Coll, he pleaded. His brother was there, steadying him. Coll.
Holding on to each other and to the Sword, they locked their fingers tight and slipped down into the magic’s light. There Coll soothed Par, reassuring him that the magic would heal and not harm, that whatever happened, he would not abandon his brother. The last of Par’s defenses gave way, the locks releasing, the doors opening, and the darkness dispelling. Shedding the last of the wishsong’s trappings, he gave himself over with a sigh.
And then the truth began, a trickle of memories that grew quickly to a flood. All that was and had ever been in Par’s life, the secrets he had kept hidden even from himself, the shames and embarrassments, the failures and losses he had locked away, marched forth. They came parading into the light, and while Par shrank from them at first, the pain harsh and unending, his strength grew with each remembering, and the task of accepting what they meant and how they measured him as a man became bearable.
The light shifted then, and he saw himself now, come in search of the Sword of Shannara at Allanon’s urging, anxious for the charge, eager to discover the truth about himself. But how eager, in fact? For what he found was that he might be the very thing he had committed against. What he found was Rimmer Dall waiting, telling him he was not who he thought, that he was someone else entirely, one of the dark things, one of the Shadowen. Only a word, Rimmer Dall had whispered, only a name. A Shadowen, with Shadowen magic to wield, with power no different than that of the red-eyed wraiths, able to be what they were, to do as they did.

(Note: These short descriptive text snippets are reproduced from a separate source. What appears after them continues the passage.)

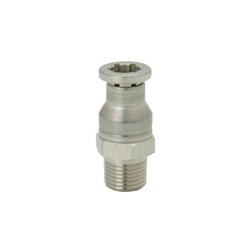for Corrosion Resistance, SUS316 Fitting, Straight SSC10-02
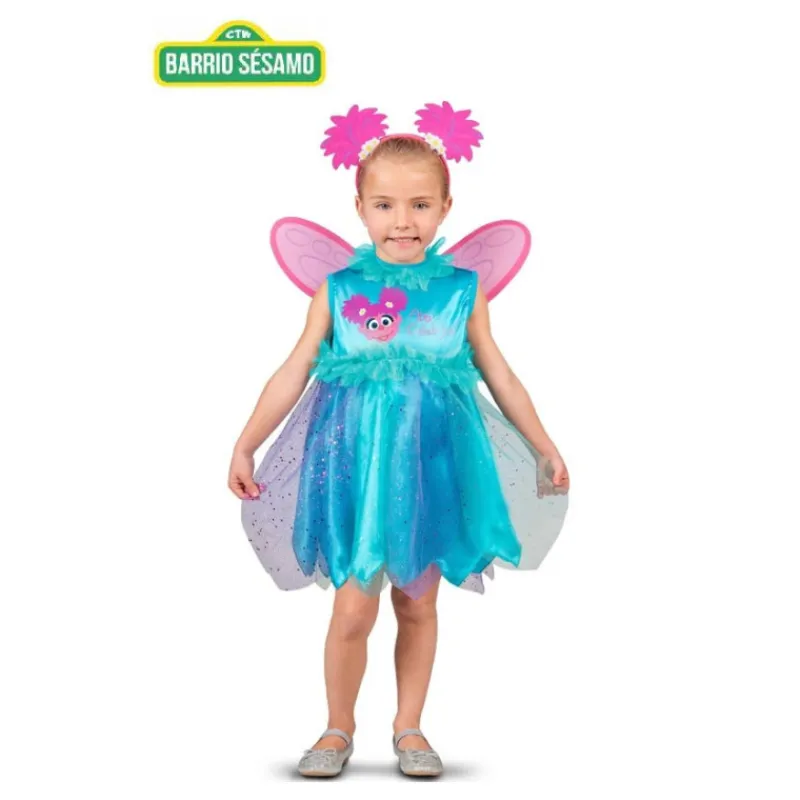 Outlet Encantador Disfraz de Abby Cadabby de Barrio Sésamo para Bebé y Niña Disfraces Infantiles|Disfraces Series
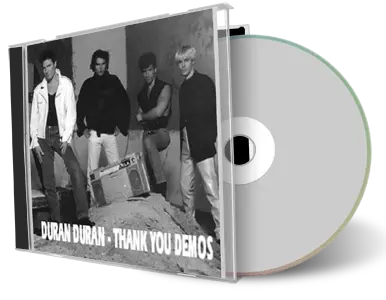 Artwork Cover of Duran Duran Compilation CD Demos 1994 Soundboard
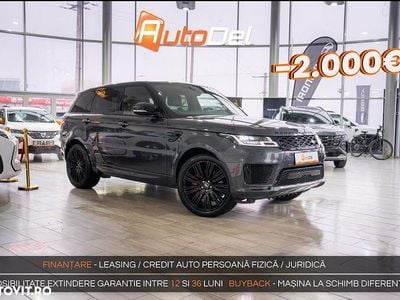 Second-hand Land Rover Range Rover Sport HSE 354 CP (260 kW) 2022 Culoaregri SUV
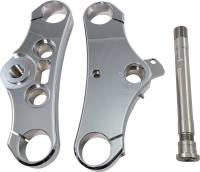 Accutronix - Accutronix Elite 49mm Triple Tree - 3 Deg. Rake, Wide Glide - Chrome - TWD349-ESC - Image 1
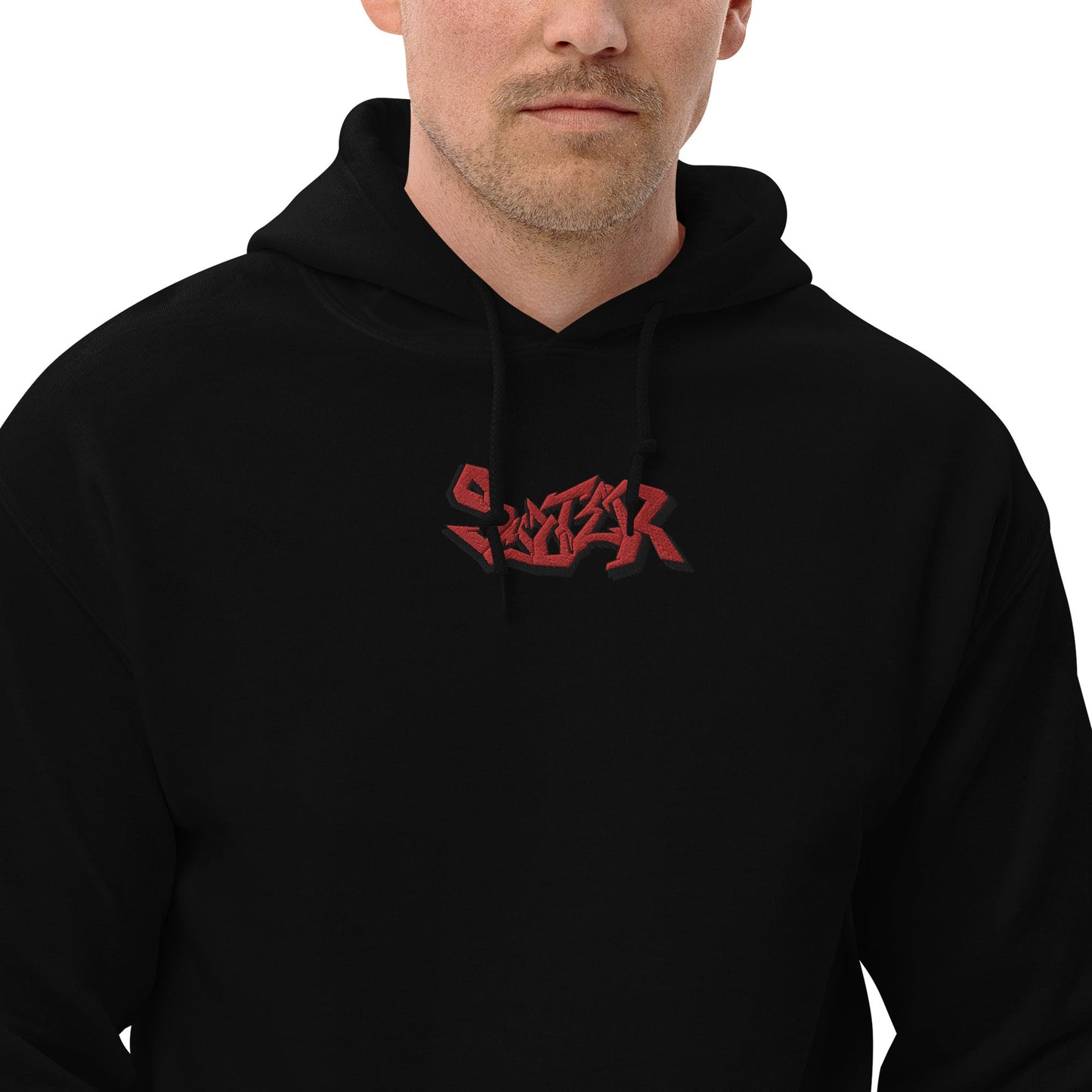 Embroidered Scouter - Hoodie - SCOUTER.CO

What he saw now, in the cool white light of the Sword’s truth, was that it was all true.
One of them.
He was one of them.
He lurched away from the recognition, from the inescapability of what he was being shown, and he thought he might have screamed in horror but could not tell within the light. A Shadowen! He was a Shadowen! He felt Coll flinch from him. He felt his brother jerk away. But Coll did not let go. He kept holding him. It doesn’t matter what you are, you are my brother, he heard. No matter what. You are my brother. It kept Par from falling off the edge of sanity into madness. It kept him grounded in the face of his own terror, of his frightening discovery of self.